> **Goal of the exercise**
Where a picture occurs in the data, omit it, and copy all remaining data exactly.

> **Scraped caption text data**
=== Section Start ===

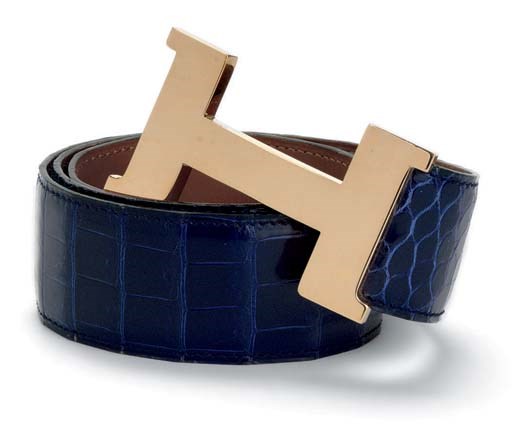 A BLEU SAPHIR CROCODILE 'H' BELT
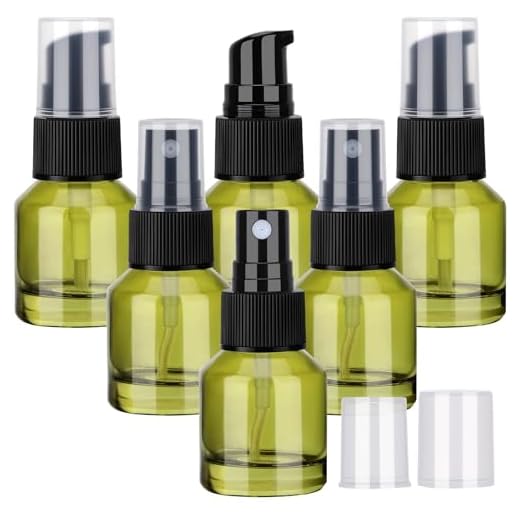 Segbeauty Recipientes de viagem de líquido de vidro de 14,2 g com 3 unidades de dispensador de garrafa com bomba de loção, 3 frascos de spray vazios, mini frascos de viagem recarregáveis de 15 ml para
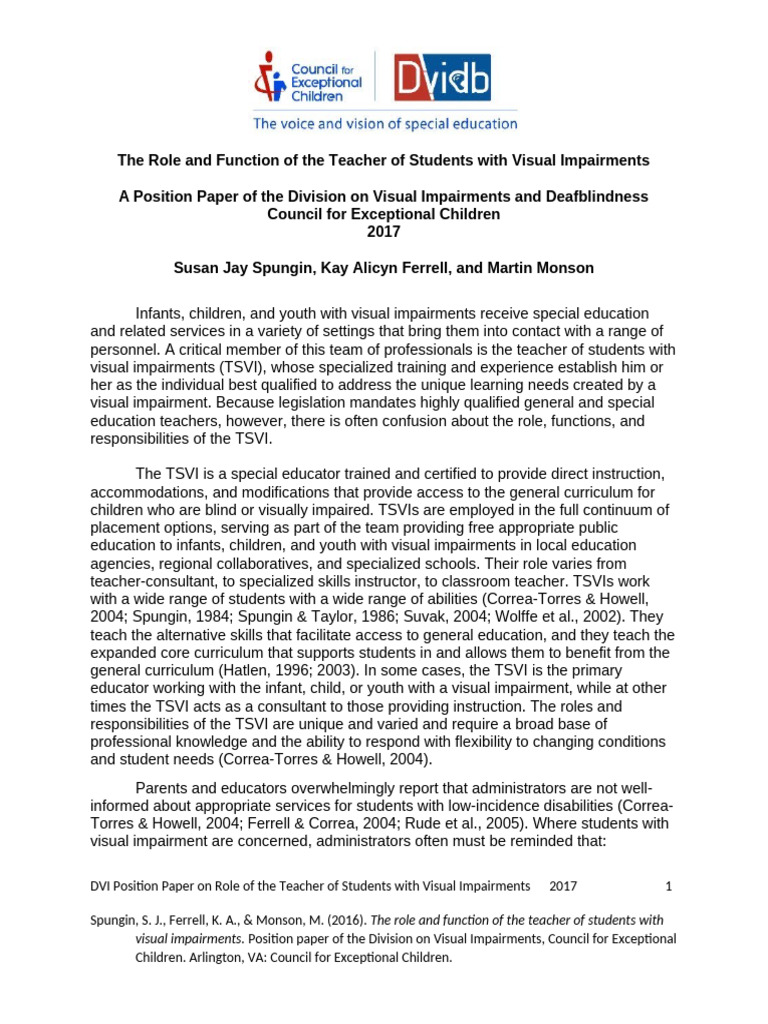 The Role and Function of The Teacher of Students With Visual ...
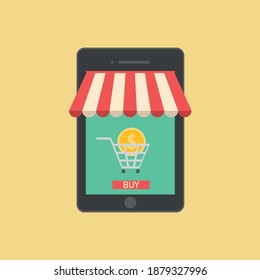 Online Store. Purchases. Cashback. shop in the phone. vector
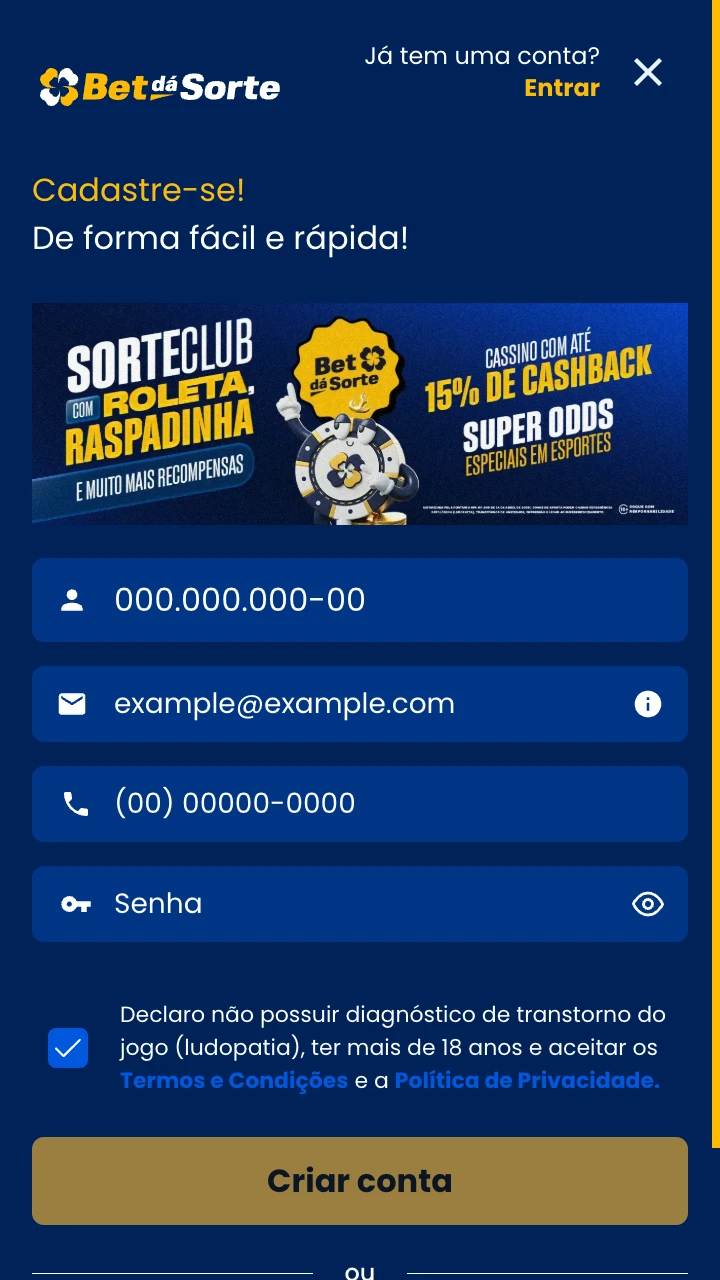 Faça seu cadastro no aplicativo BetdaSorte.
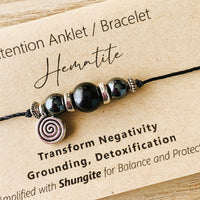 Shungite Amplified INTENTION Anklet/Bracelet - Hematite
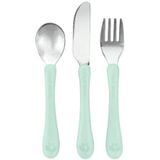 Green Sprouts® Stainless Steel & Sprout Ware® Kids' Cutlery, 12mo+, Plant-Plastic, Dishwasher Safe, Ergonomic, Tested for Hormones - Light Sage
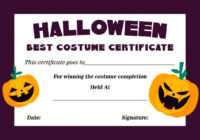 5 Best Halloween Costume Award Printable Certificates throughout Halloween Costume Certificate Template
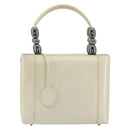 Christian Dior Maris Pearl Hand Bag Patent leather White Silver Auth 193129A-13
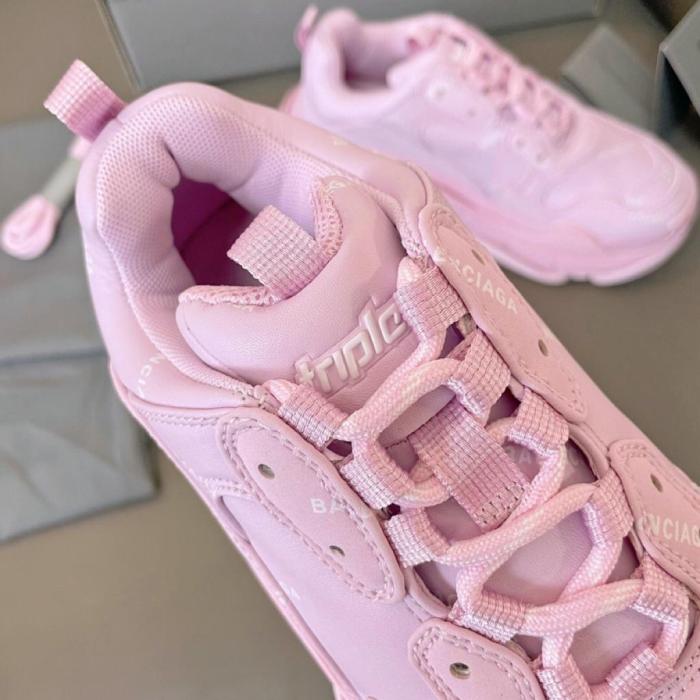 Balenciaga All Over Logo Triple S Pink White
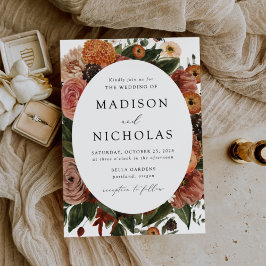 Boho Autumn Floral Oval Lijst Wedding Kaart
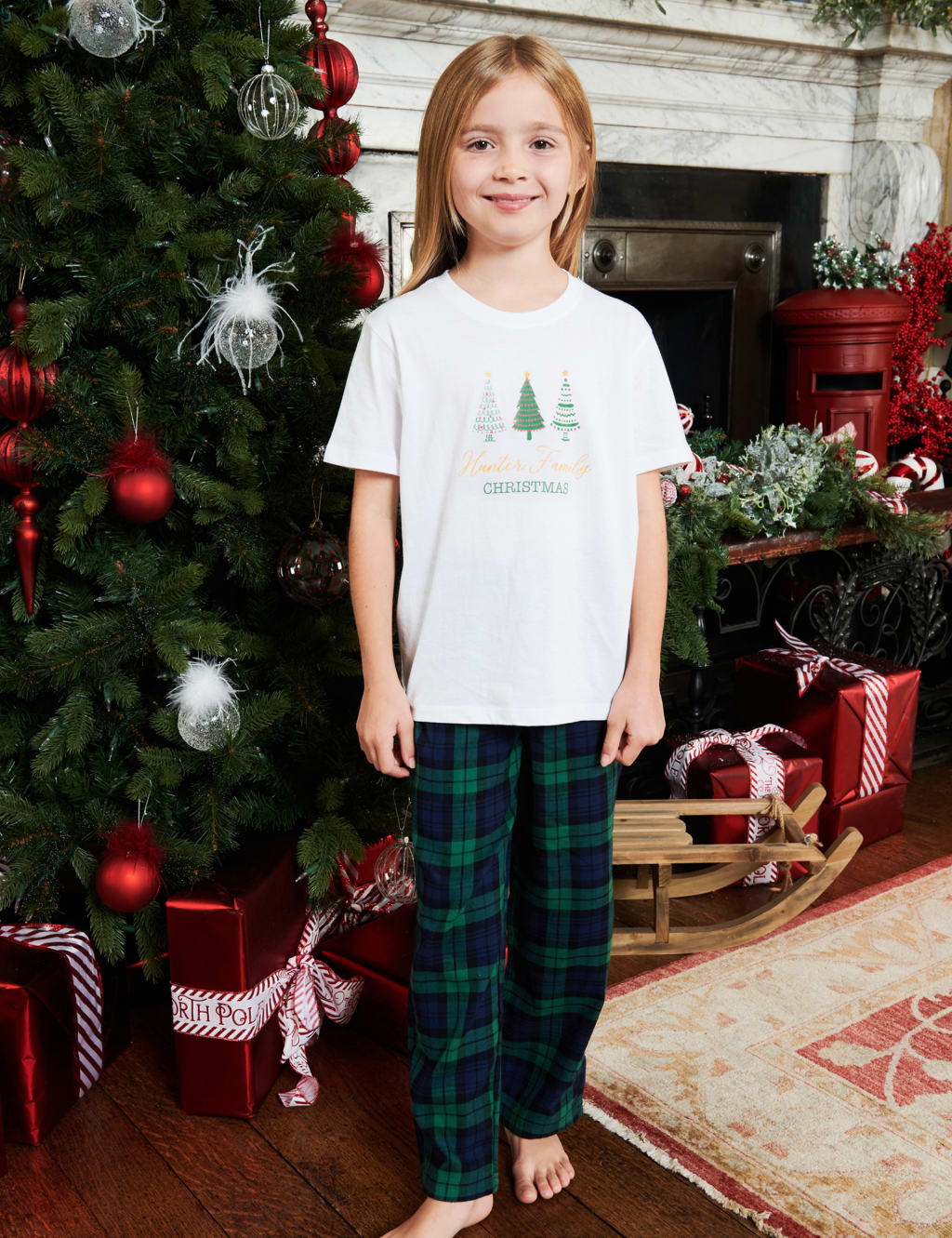 Personalised Tree Trio Girls Pyjamas (5-12 Yrs) 3 of 4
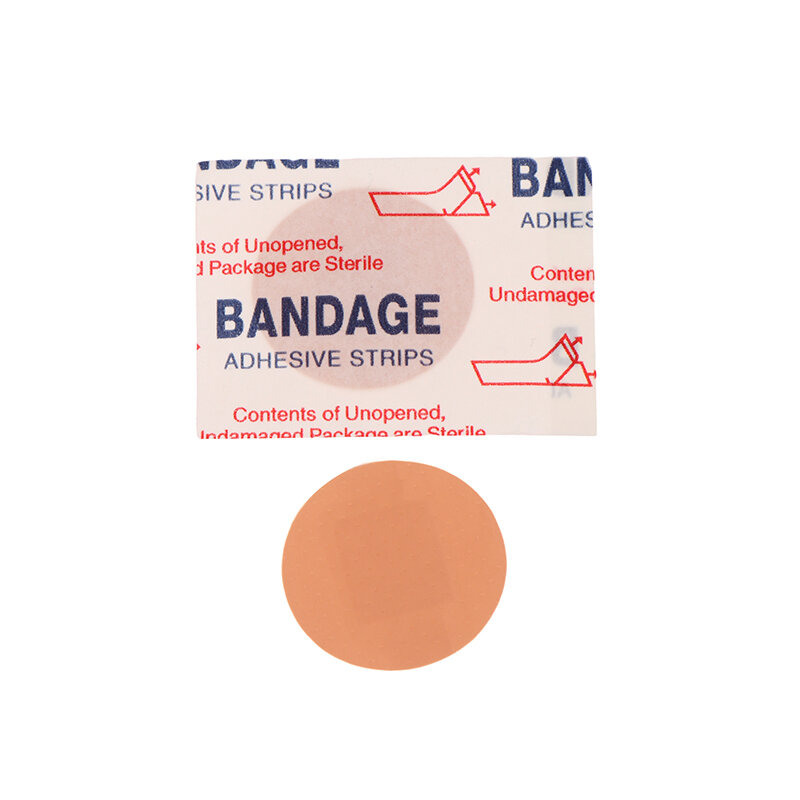 Bandagem adesiva médica impermeável, Mini Band Aid, redondo, pequeno curativo, fita de fixação, 100pcs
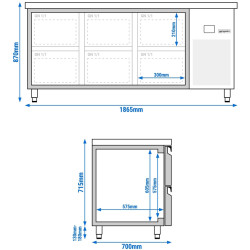 Холодильный стол GGM Gastro KTF187ND6S-EF (Inox) Thumb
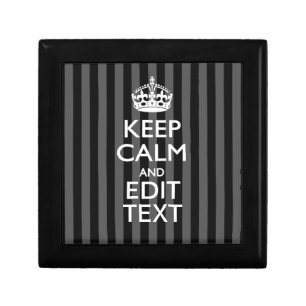 Elegant KEEP CALM AND Your Text on Black Stripes Gift Box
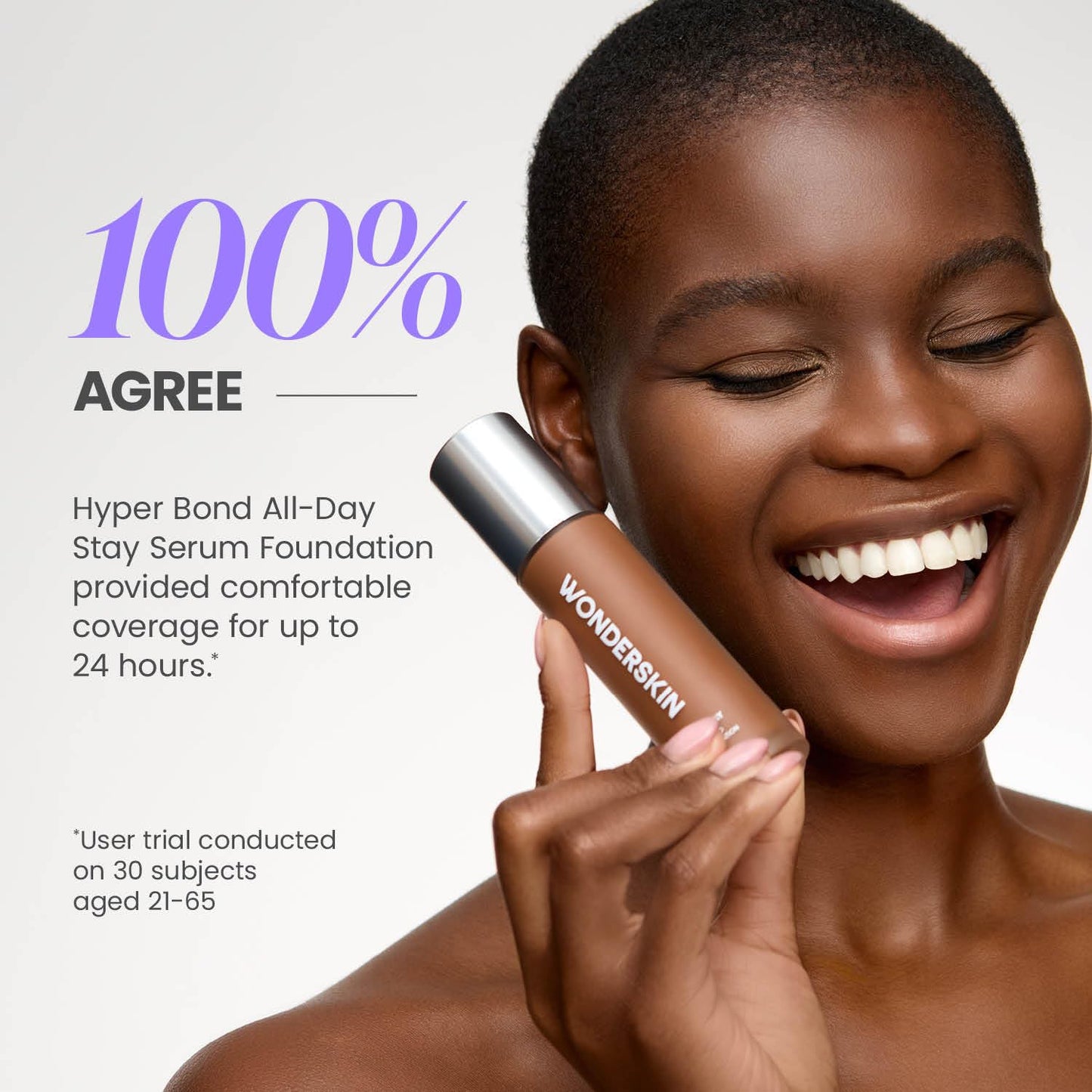 Wonderskin Hyper Bond All-Day Stay Serum Foundation – Waterproof, Transfer-Proof, 24HR Longwear Face Makeup with Niacinamide & Hyaluronic Acid – Lightweight, Natural Finish (Bliss)
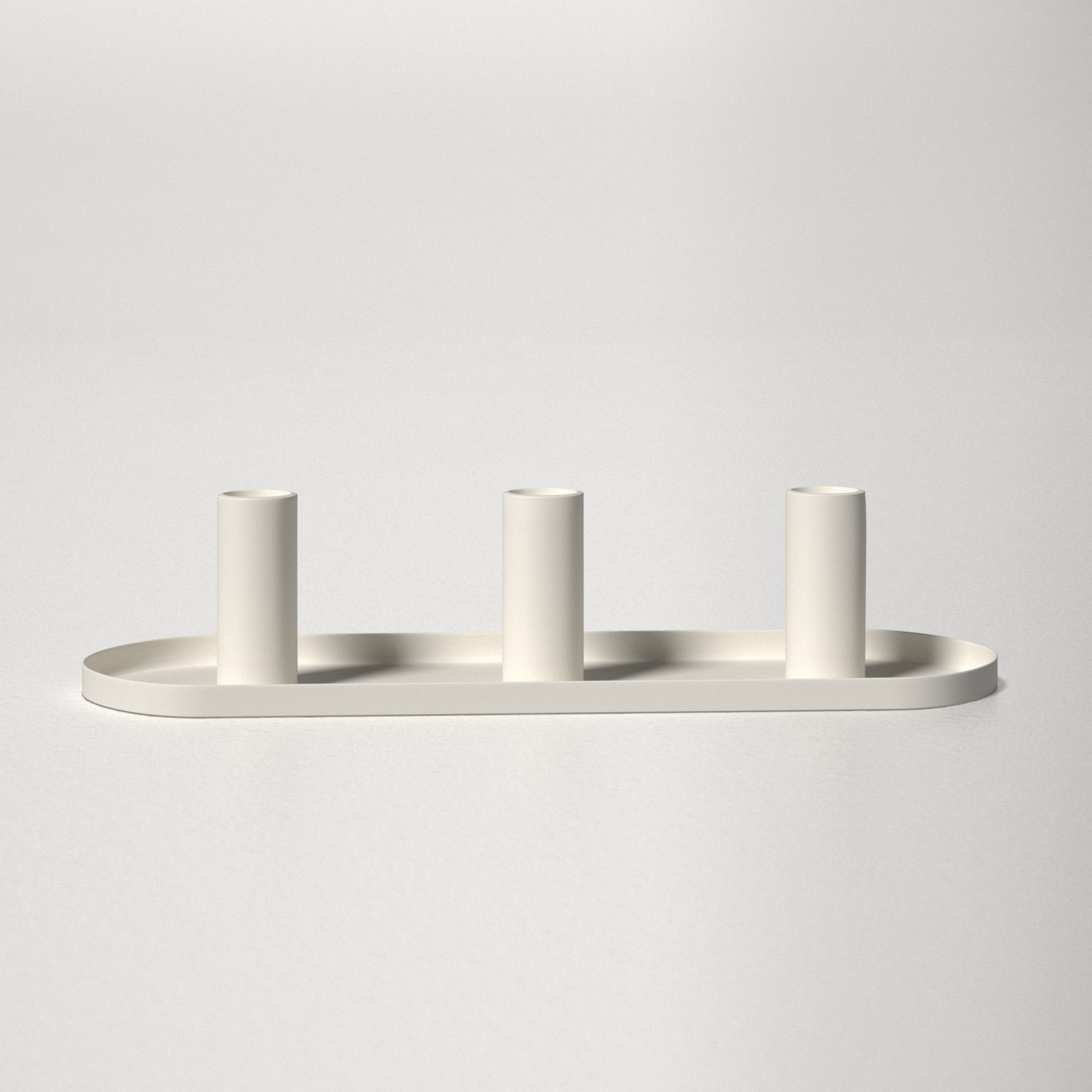 3-Piece Aluminum Candlestick Set, White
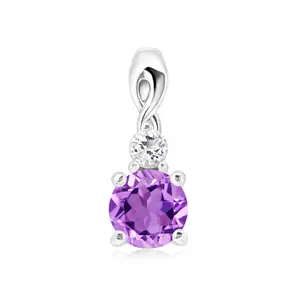Mevia S Amethyst + White Topaz - stříbrný přívěsek s ametystem a bílým topazem
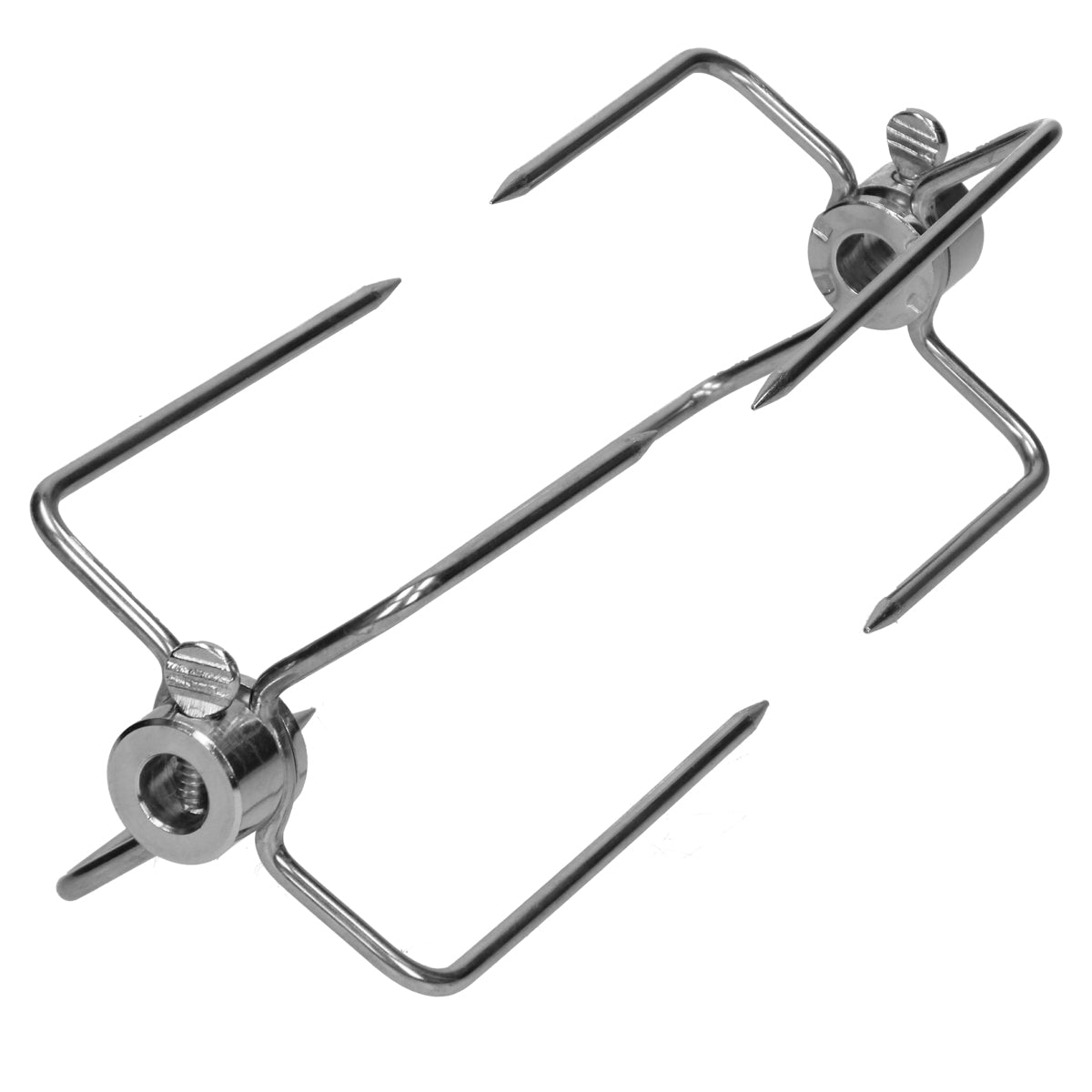 Edelstahl-Spieß mit zwei spitzen Enden und einer zentralen Halterung.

=== Section End ===

> **Worked solution**
 A BLEU SAPHIR CROCODILE 'H' BELT
 Segbeauty Recipientes de viagem de líquido de vidro de 14,2 g com 3 unidades de dispensador de garrafa com bomba de loção, 3 frascos de spray vazios, mini frascos de viagem recarregáveis de 15 ml para
 The Role and Function of The Teacher of Students With Visual ...
 Online Store. Purchases. Cashback. shop in the phone. vector
 Faça seu cadastro no aplicativo BetdaSorte.
 Shungite Amplified INTENTION Anklet/Bracelet - Hematite
 Green Sprouts® Stainless Steel & Sprout Ware® Kids' Cutlery, 12mo+, Plant-Plastic, Dishwasher Safe, Ergonomic, Tested for Hormones - Light Sage
 5 Best Halloween Costume Award Printable Certificates throughout Halloween Costume Certificate Template
 Christian Dior Maris Pearl Hand Bag Patent leather White Silver Auth 193129A-13
 Balenciaga All Over Logo Triple S Pink White
 Boho Autumn Floral Oval Lijst Wedding Kaart
 Personalised Tree Trio Girls Pyjamas (5-12 Yrs) 3 of 4
 Bandagem adesiva médica impermeável, Mini Band Aid, redondo, pequeno curativo, fita de fixação, 100pcs
 Холодильный стол GGM Gastro KTF187ND6S-EF (Inox) Thumb
 Elegant KEEP CALM AND Your Text on Black Stripes Gift Box
 Wonderskin Hyper Bond All-Day Stay Serum Foundation – Waterproof, Transfer-Proof, 24HR Longwear Face Makeup with Niacinamide & Hyaluronic Acid – Lightweight, Natural Finish (Bliss)
 3-Piece Aluminum Candlestick Set, White
Mevia S Amethyst + White Topaz - stříbrný přívěsek s ametystem a bílým topazem
 Edelstahl-Spieß mit zwei spitzen Enden und einer zentralen Halterung.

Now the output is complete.